- Wspaniale wrócić do Warszawy. Tu jako zawodnik Gwardii wygrałem walki w bokserskiej lidze - mówił uśmiechnięty Kliczko. Wach również podkreślał sentyment do stolicy, zaraz potem jednak przeszedł do konkretów. - Obiecuję, że nie dam ciała i napsuję Kliczce trochę krwi. Nie nastawiam się na nokaut. Mistrza nie da się jednak pokonać na punkty, dlatego będę musiał go powalić. Ostatni rywal, którego znokautowałem, długo nie wychodził ze szpitala - rzucił Polak w kierunku mistrza. - To w końcu chcesz posłać mnie na deski czy nie? - pytał opanowany jak zawsze Ukrainiec. - Teraz możemy sobie żartować, ale w ringu żarty się skończą - dodał.
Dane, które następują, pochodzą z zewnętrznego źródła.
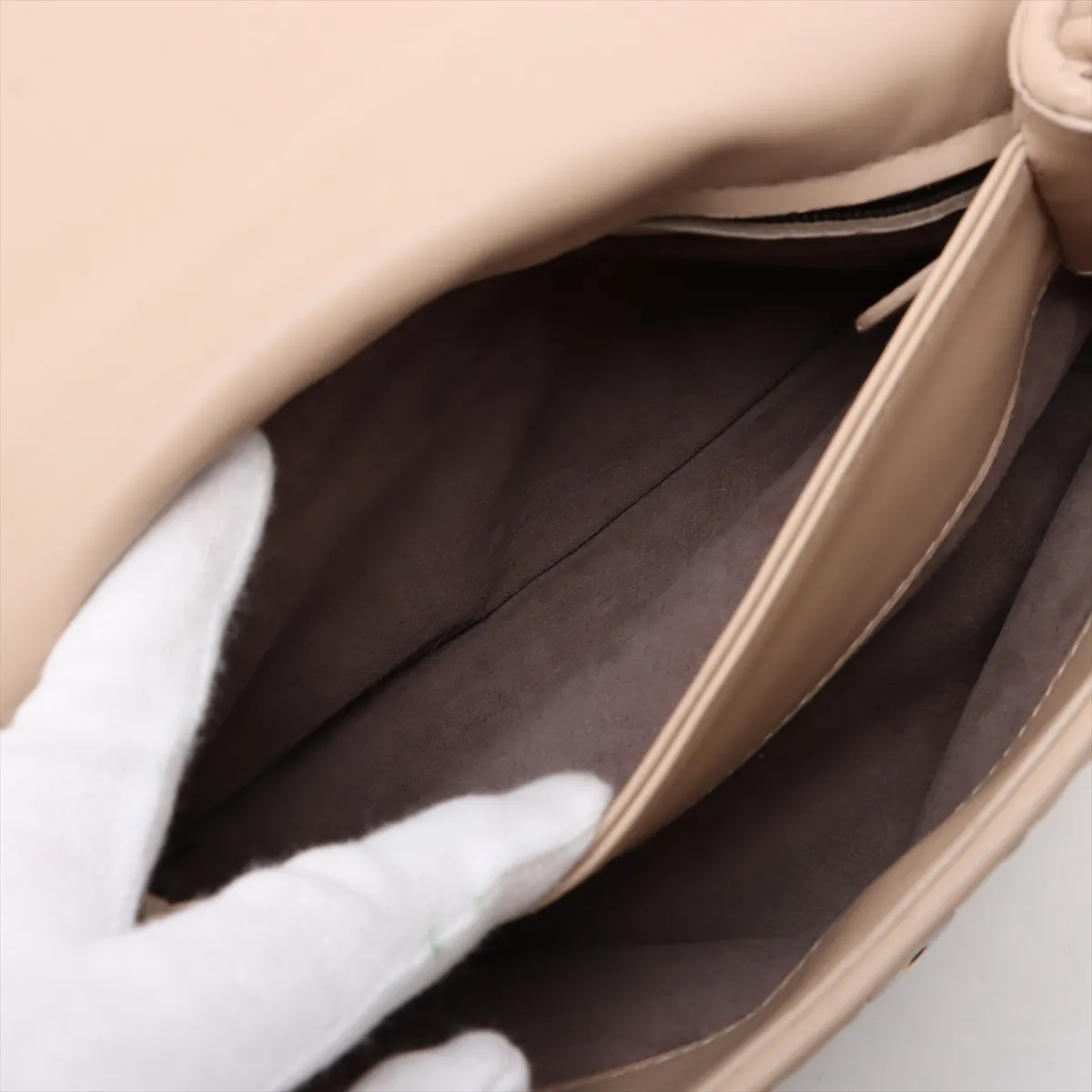 Intrecciato Olympia Leather Chain Shoulder Bag Beige — view 8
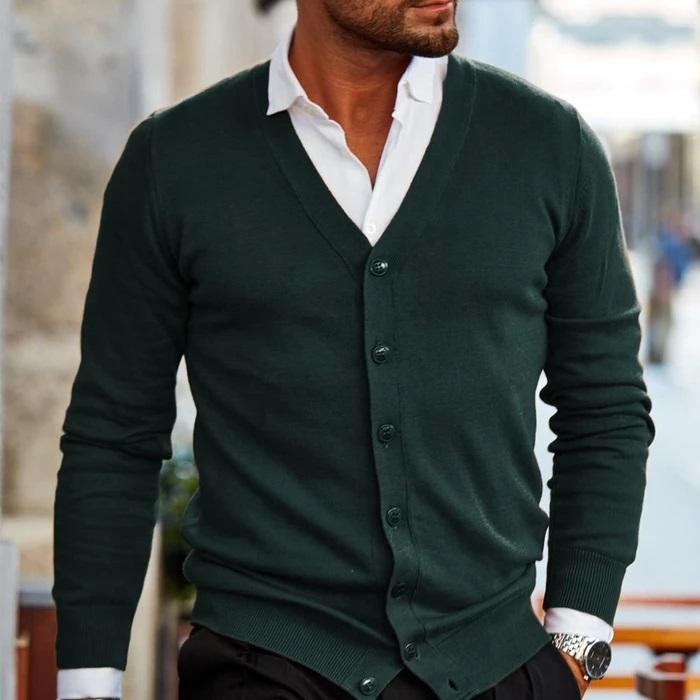 Cardigan homme en maille fine – col en V élégant avec patte de boutonnage, idéal pour le bureau, le quotidien et les looks superposés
Władymir Kliczko po raz pierwszy w karierze zmierzy się z rywalem wyższym od siebie. - Mariusz to kawał chłopa i nie chciałbym spotkać go w ciemnej alejce. Jeśli go zlekceważę, mogę przegrać, dlatego muszę być uważny - powiedział Kliczko, który na zawodowym ringu nie przegrał od ponad 8 lat.
Ukraina
Władymir Kliczko
Wzrost: 198 cm
Zasięg ramion: 206 cm
Bilans: 58 wygranych
(51 k.o.), 3 porażki (3 k.o.)
POLSKA
Mariusz Wach
Wzrost: 202 cm
Zasięg ramion: 208 cm
Bilans: 27 zwycięstw
(15 k.o.), 0 porażek
Jak zobaczyć tę walkę? Trzeba zapłacić!
Wiele wskazuje na to, że kibice w Polsce nie obejrzą walki Kliczki z Wachem na otwartym kanale. Trzeba będzie za nią dodatkowo zapłacić. - Wszystko powinno rozstrzygnąć się w ciągu najbliższych tygodni. Myślę, że za 2-3 tygodnie będzie jasne, która telewizja i w jakim systemie pokaże walkę. Pamiętajmy, że chociażby walka Adamka z Witalijem pokazywana w systemie pay-per-view okazała się wielkim hitem - powiedział nam menedżer braci Kliczków Bernd Boente.